Could you retype the whole listing word for word and drop the images?

Material provided -
%%

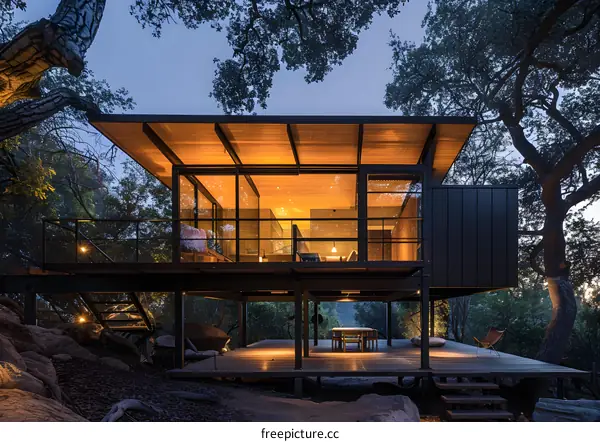 Modern Glass House Elevated On Wooden Deck With Trees In The Background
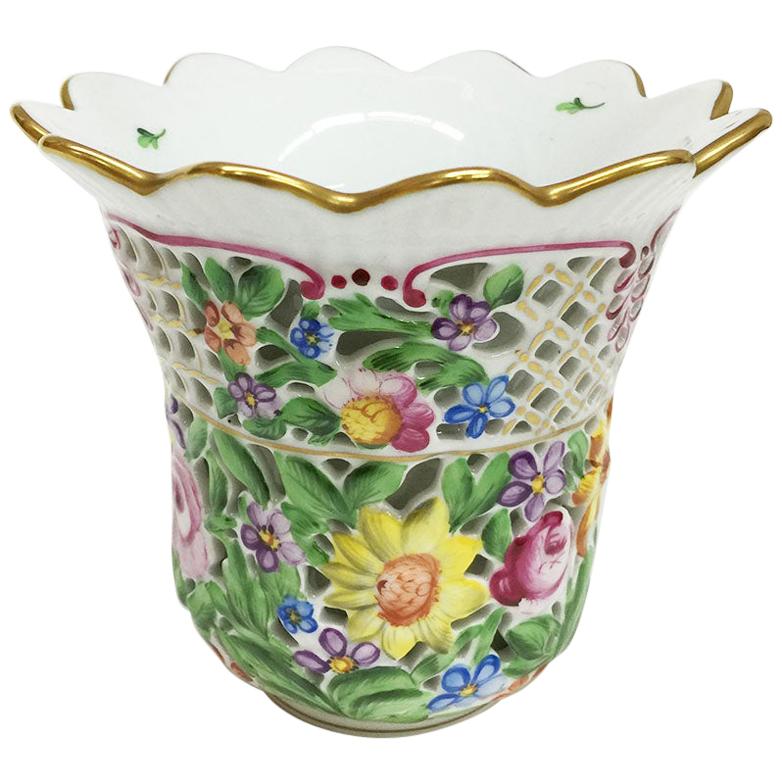 Herend Porcelain, Hungary Double Walled Vase at 1stDibs herend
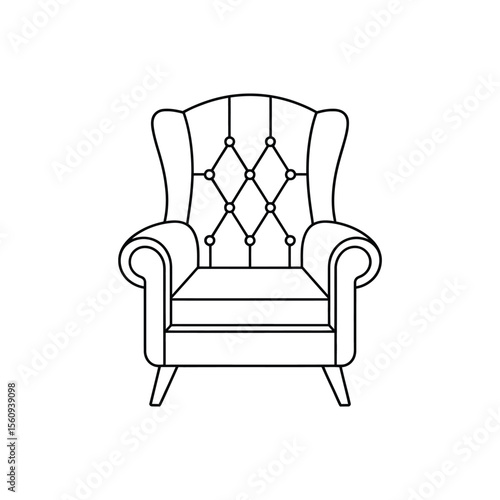 Elegant wingback armchair with diamond tufted backrest and rolled arms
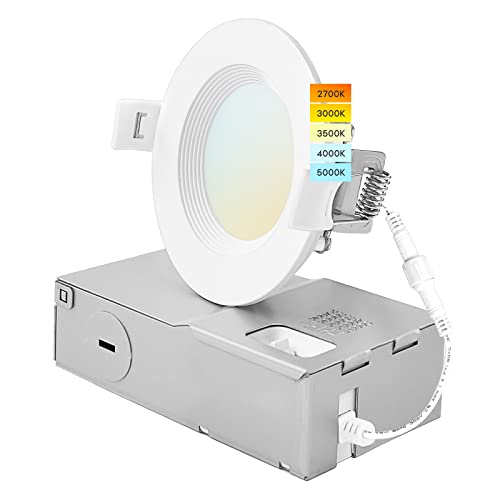 LUXRITE 3 Inch Ultra Thin LED Recessed Lighting, 6W, 5 Color Selectable 2700K | 3000K | 3500K | 4000K | 5000K, CRI 90, 500 Lumens, Dimmable LED Wafer Lights, Wet Rated, UL Listed, Baffle Trim - Image 1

%%

Response to this exercise -
 Modern Glass House Elevated On Wooden Deck With Trees In The Background
 Herend Porcelain, Hungary Double Walled Vase at 1stDibs herend
 Elegant wingback armchair with diamond tufted backrest and rolled arms
 LUXRITE 3 Inch Ultra Thin LED Recessed Lighting, 6W, 5 Color Selectable 2700K | 3000K | 3500K | 4000K | 5000K, CRI 90, 500 Lumens, Dimmable LED Wafer Lights, Wet Rated, UL Listed, Baffle Trim - Image 1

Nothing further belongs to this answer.